Work request: Exactly the lines from the line with "Apartamento Maraska *" through the final line of the records below, both ends included, are to be set down. Do not include pictures.

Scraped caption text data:
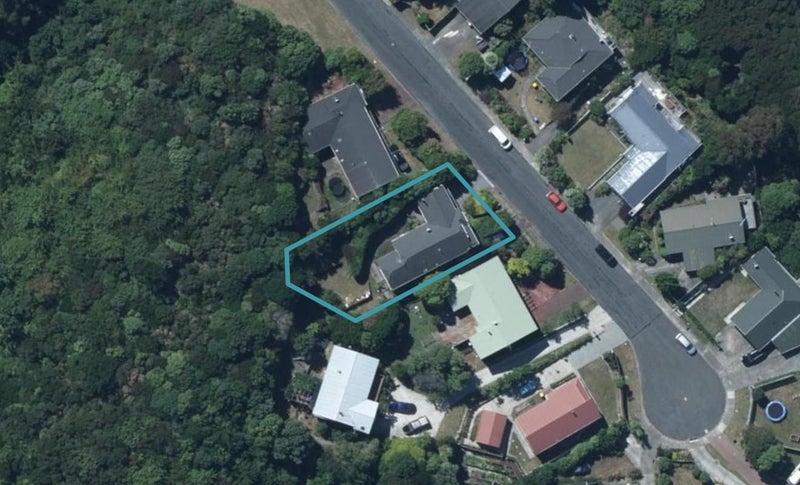 8 The Yardarm, Whitby, Porirua - Carousel 1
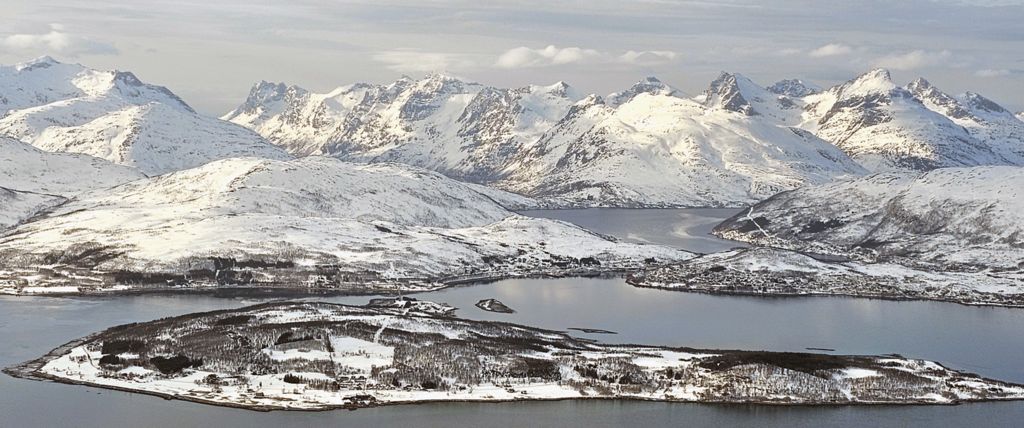 Die Landschaft beim Landeanflug auf Tromsö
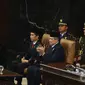 Presiden Terpilih Joko Widodo duduk berdampingan dengan Presiden SBY saat pelantikan di Senayan, Jakarta, Senin (20/10/2014) (Liputan6.com/Andrian M Tunay)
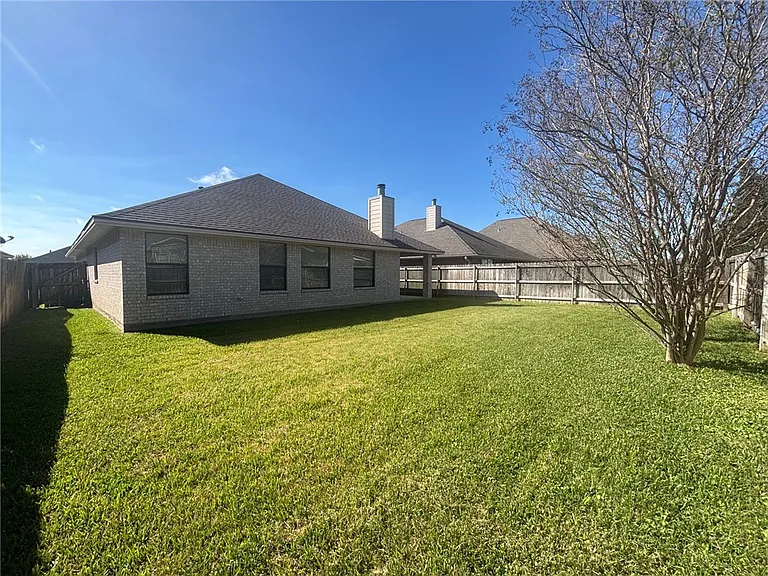 4206 Carnes Ct S — Photo 17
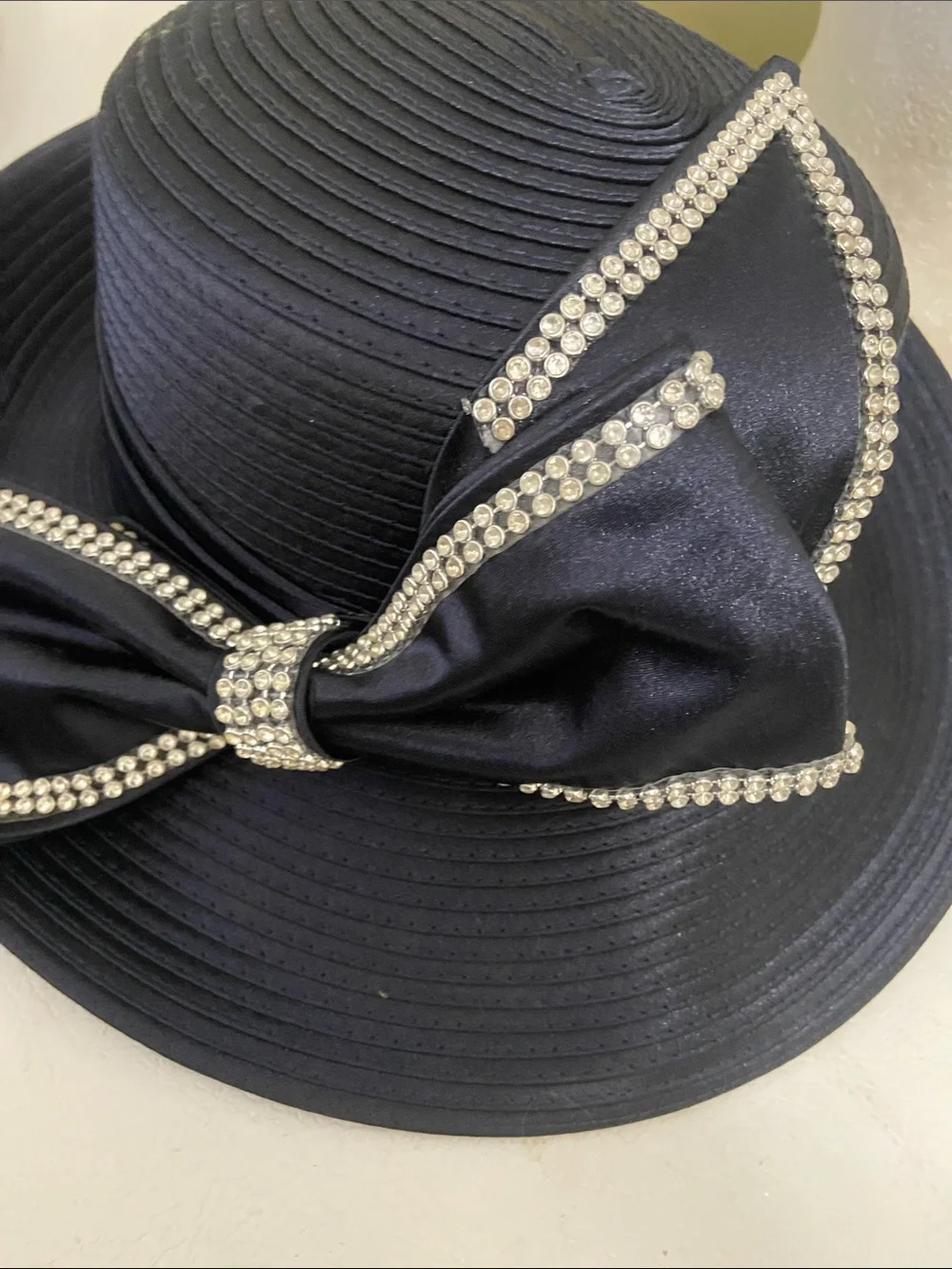 Beautiful Dress Hat / Church Hat by Verucci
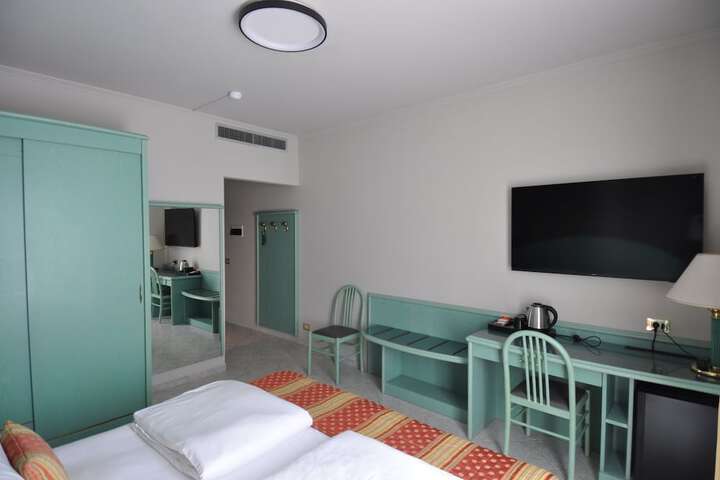 Room 51 of 115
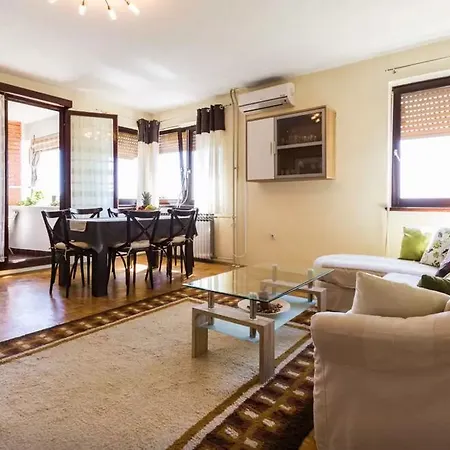 Apartamento Maraska *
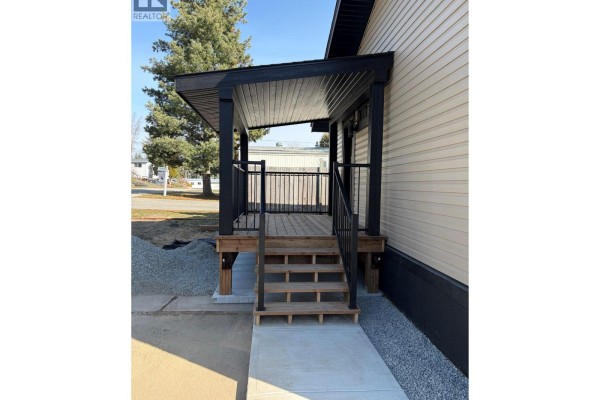 Full ensuite bathroom - 1361 30 Street Se Unit# 42, Salmon Arm, BC V1E2N4 Photo 5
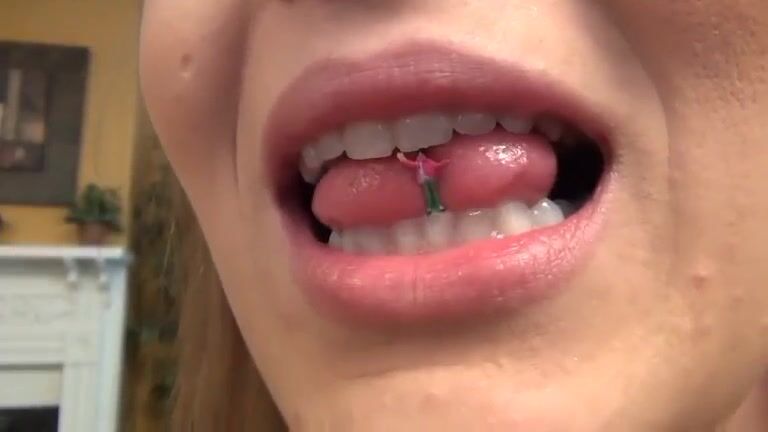 Giantess Sister Linking Brother As Candy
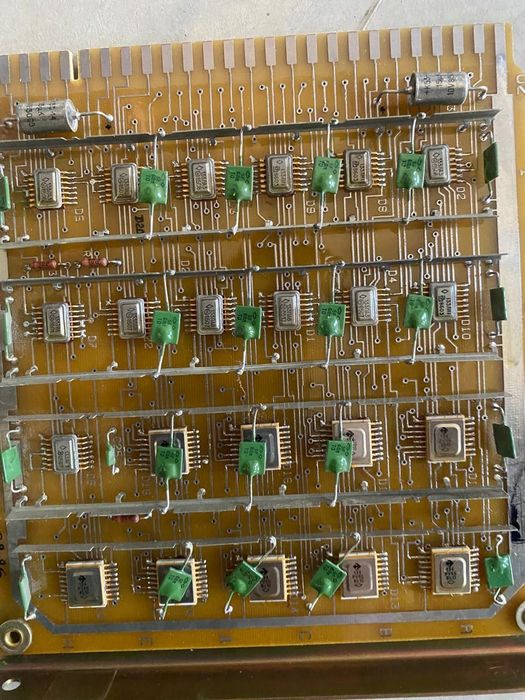 Радиодеталей плата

Exercise solution:
 Apartamento Maraska *
 Full ensuite bathroom - 1361 30 Street Se Unit# 42, Salmon Arm, BC V1E2N4 Photo 5
 Giantess Sister Linking Brother As Candy
 Радиодеталей плата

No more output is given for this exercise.